Operationalising and embedding human rights across an organisation
By Craig Melson, techUK

techUK hosted a conference in London on ‘Human Rights and tech supply chains’ on the 2nd of April 2019. Colleen Theron, Director of Ardea International moderated a panel discussion with Pratab Tambe from Tata Consultancy Services, Latifa Chomoko from PWC and Charlotte Kirby from Salesforce. This is a summary of the key points arising from the panel discussion and questions:
- The need to change corporate culture: A human rights first culture will only be embedded if it is fully integrated into corporate culture at all levels, not just seen as a reporting or due diligence requirement that sits in procurement or legal. This also means not seeing work through a CSR lens too, it is important to have human rights risks understood at all levels.
- Leadership buy in: Panellists emphasised that senior level buy in is key so they can take overall responsibility and ensure training and awareness is dissipated. If struggling, it is good to show company leaders two plausible real risks and threats to human rights than that will turn heads.
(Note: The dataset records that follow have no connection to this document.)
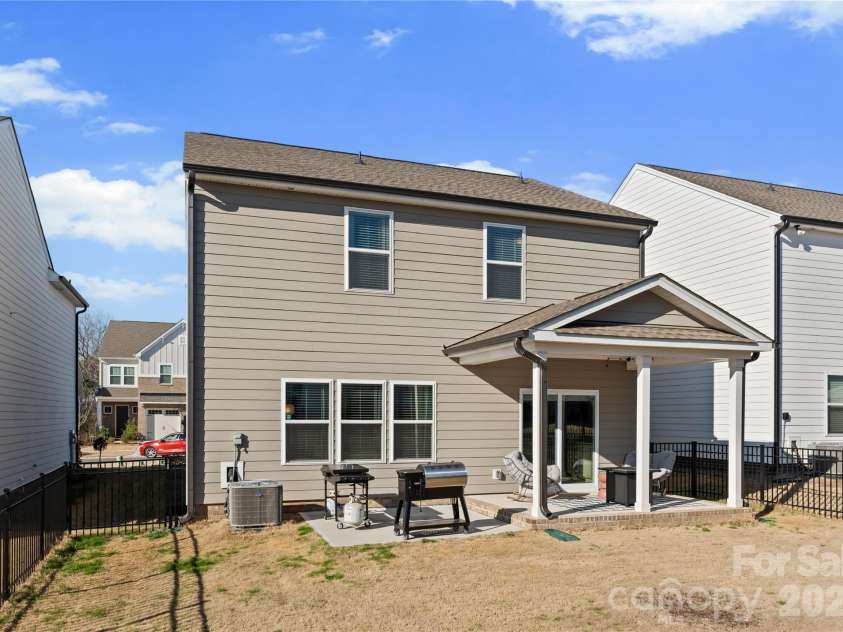 567 Scotch Meadows Loop, Monroe, NC 28110.  MLS# CAR4355238, YatesRealty ID 12569. 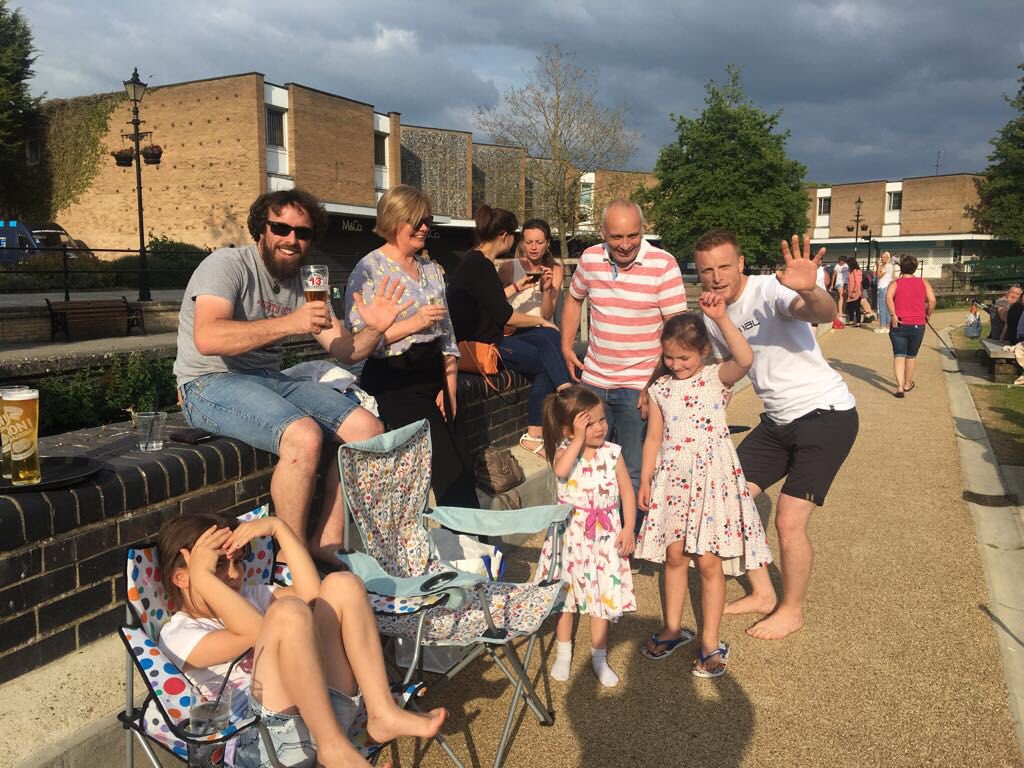MikeBrownMBP's tweet photo. ‘It’s so lovely to have somewhere to go with the kids & meet other people in the town’ #DanHogan #Darleys opening night @OnTheGreenThet @ThetfordCouncil @BreckCouncil @leapinghareorg @TandBTimes @About_Thetford @ThetfordMayor #Thetford 🎹🎺🎷🎸🥂🍸🍻🍹 https://t.co/4gIeIiL4MV
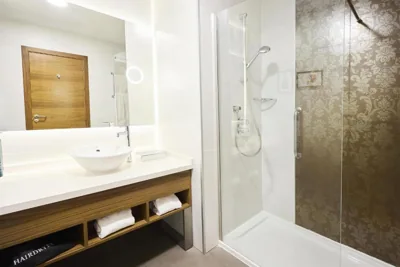 Hilton Garden Inn Sevilla — Foto 2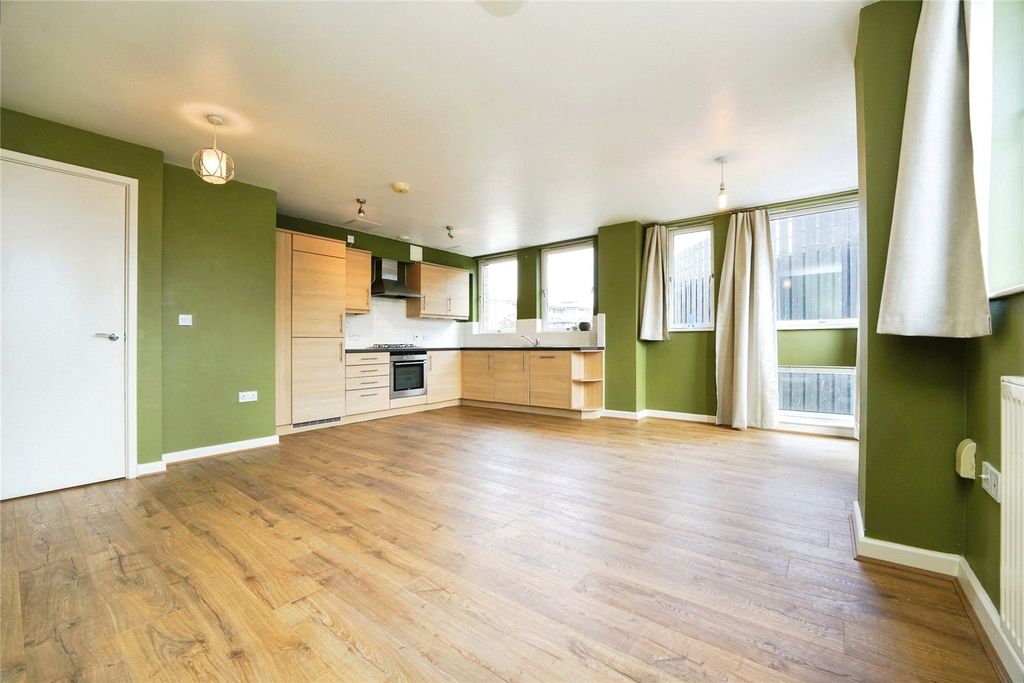 Property photo 2 of 10 Picture No. 08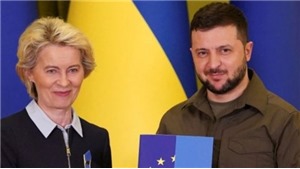 Ukraine cam kết đ&#225;p ứng c&#225;c y&#234;u cầu gia nhập EU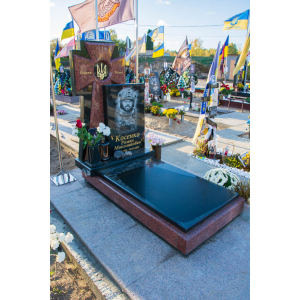 Пам'ятник військовому з червоного та чорного граніту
- Training: As well as discussing how to generate senior buy-in, middle management and executive training is important too. Some businesses have a programme of education and awareness, starting with procurement teams. The Modern Slavery Act created impetus and saw businesses use training exercises that tailored human rights to specific job functions.
- Partnerships: Having policies, procedures and due diligence is good, but companies need to partner with NGOs and organisations in the operating regions to achieve those policies and generate impact. This also means training and education for indeed partnerships has its own SDG (17).
- Working as a sector: Co-operation with competitors who share the same supply chains and risk profiles can magnify impact. No-one should compete on sustainability, adherence to the SDGs or human rights. This could include developing reporting standards, responses to bad practice and impact measurement.
- Securing time and resources: Education, a good corporate culture and understanding of the risks means companies will invest, especially if there is real or perceived pressure from stakeholders such as investors.
- Human rights risks are tangible human rights risks: For some firms with a lower perceived risks or lack of awareness of human rights, a way to win people over is highlighting the tangible business benefits of better supply chain engagement and transparency. However in an ideal world the moral imperative should be enough.
- Education of staff: Volunteering and training is an excellent way to get staff to understand the human side of what can be seen as a distant environment. Getting people out their comfort zones builds resolve to try and address human rights and sustainability issues in supply chains and vulnerable regions. Then empower staff to come up with a partial answer to supply chain or human rights issue that utilises their day-job expertise.
- Corporate frameworks: Human rights can be embedded by following processes for other areas that need frameworks or due diligence (for example on-boarding or finance). All these frameworks are around minimisations, measurements and reporting human rights can be assessed that way.
- Technology can bring make things easier: Existing and emerging technologies can help supply chain transparency and do more in depth analysis and risks, so should play a major role in the actual operationalisation of human rights, particularly digital identity and blockchain solutions. However, firms should be ready to act on the disclosures this will reveal and have processes to act on the risks and instances the technology finds.
- Blockchain can be transformational: Distributed Ledger Technology is an incredible opportunity to generate data on every incident and actor in a supply chain and if integrated with other datasets is an important tool indeed.
- Disclosure and supplier training: Companies are averse to disclosing human rights abuses that exist, but disclosure is important especially if accompanied by steps on remedying the issues. Panellists advocated against disengaging the supplier as it is better to work with organisations in the supply trains than create a risk of workers being exploited elsewhere.